Two years ago, I wrote an article on this organization’s sometimes tempestuous relationship with Draymond Green. It was given the baity title, “Golden State’s Draymond Green Problem.” From my perspective, it wasn’t about how Draymond was a problem, but more about how he could tip the Warriors’ future in either direction.

Fast forward two championships.

Yesterday, people kept sending me this article, asking if current events are pertinent to its themes. Did yesteryear’s hyperbole prove prophetic?

My take? No, not necessarily. First, because championships two and three qualify as glorious successes. Second, because, much as we can parse Draymond’s actions, and much as they can cause strife, the current state of affairs speaks to something bigger than him, an issue he could perhaps mitigate but not solve: Winning isn’t enough.
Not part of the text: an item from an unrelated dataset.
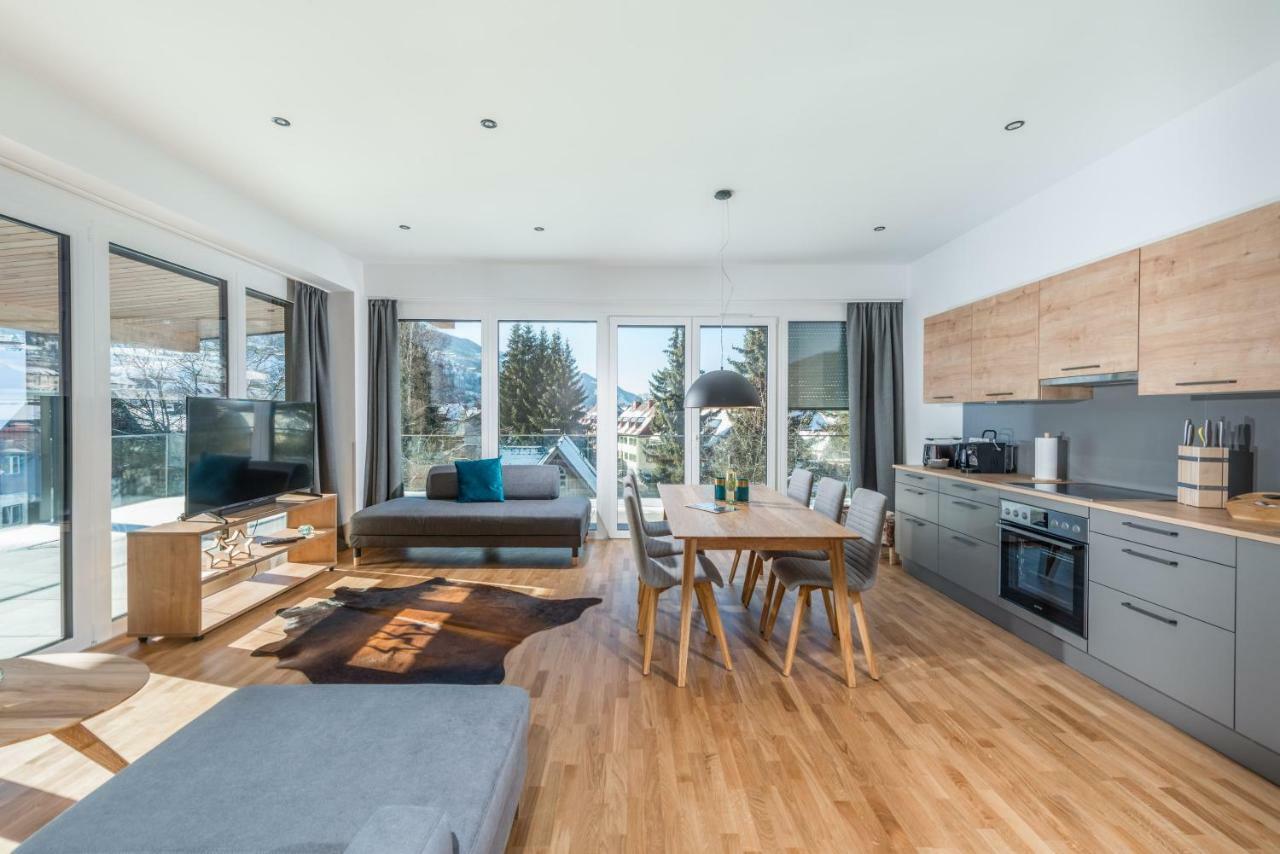 Deluxe Apartment Berglust Schladming Buitenkant foto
Players talk about just wanting to win all the time. About the only player I’ve ever met who might actually, literally mean it is Steph Curry. Because winning isn’t done for its own sake. Winning is a means to certain ends. Beyond the camaraderie of collectively conquering a goal, beyond the money, there’s the adulation that comes with achievement. Winning correlates to winning at life, vastly increasing your status in the eyes of fans and peers alike.
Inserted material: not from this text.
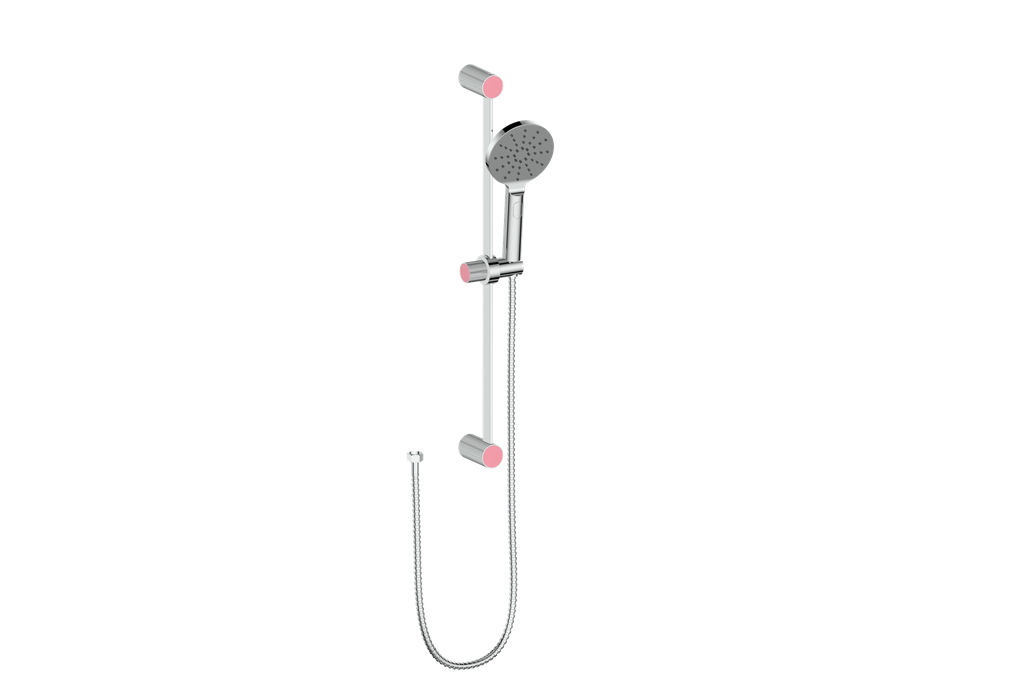 MOND SLIDING SHOWER BAR WITH HAND SHOWER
Ask yourself: Has this obvious benefit of winning happened for Kevin Durant as a Warrior? Over the past two-plus seasons, perhaps the Warriors All-Star in need of the most adulation got the least adulation. His reputation is more or less what it was when he arrived. The man was incredible in back-to-back NBA Finals. Had he faltered, he would have been mocked in a manner only trumped by what LeBron James experienced in 2011. Lost in Monday night’s chaos was Clippers owner Steve Ballmer sidling onto the court to schmooze it up with Durant. He, like other owners this summer, offers to fill the void that winning did not. Also, note that Draymond has a view of such cajoling.
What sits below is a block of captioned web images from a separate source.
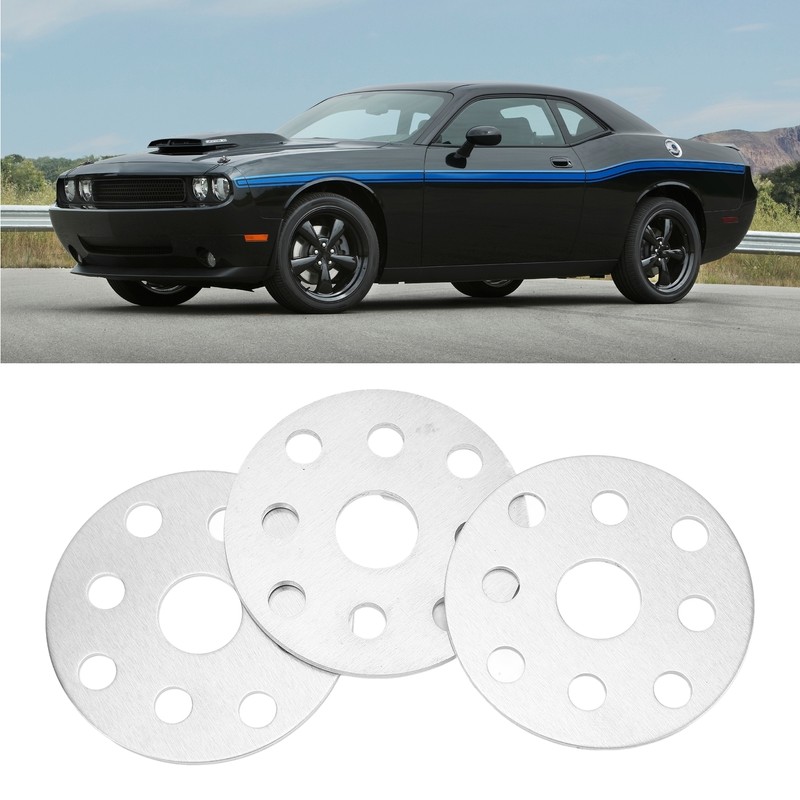 3pcs Water Pump Pulley Fan Spacer Kit Replacement for CHEVY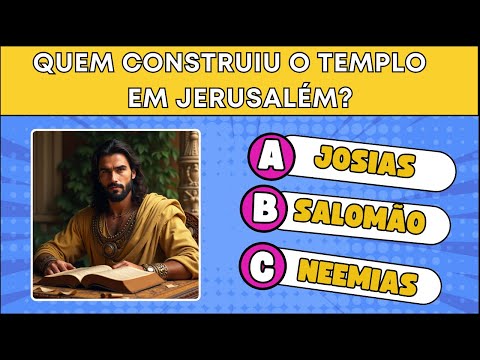QUIZ BIBLICO #enigmasbiblicos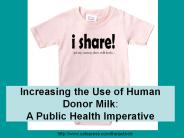 Human Milk Bank: Understanding the importance of Mother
This might be a bigger issue than just Kevin Durant. The media landscape has changed. In the past, might made right, and winners were worshipped sans much nuance. Now, a social media-driven conversation picks apart historic accomplishments while basking in a perpetual present. Coming here and winning big was supposed to make KD the face of Nike. Instead, to many jaded fans, that swoosh looks like a coattail. The quaint idea that you can silence your critics with a trophy is just one of a million norms that have fallen by the wayside over the past few years.

This is the big problem for Warriors HQ, as they proclaim not to care about anything other than winning a championship this season. I’m not certain there’s a solution to Winner’s Ennui, but there are methods for recalibration. I have some thoughts on that, and I want to emphasize that they are my own. The thoughts are in contrast to what I’m being told, repeated assurances that, “This happens, Draymond does this, it’s happened before, etc.” Today’s turmoil can indeed be tomorrow’s footnote. This isn’t even the first time Draymond caused discord by calling someone a “bitch.” He did that to Steve Kerr back in 2016, when they were separated in the Oklahoma City locker room. It might have actually been the least vulgar thing Draymond said to Kerr in that exchange.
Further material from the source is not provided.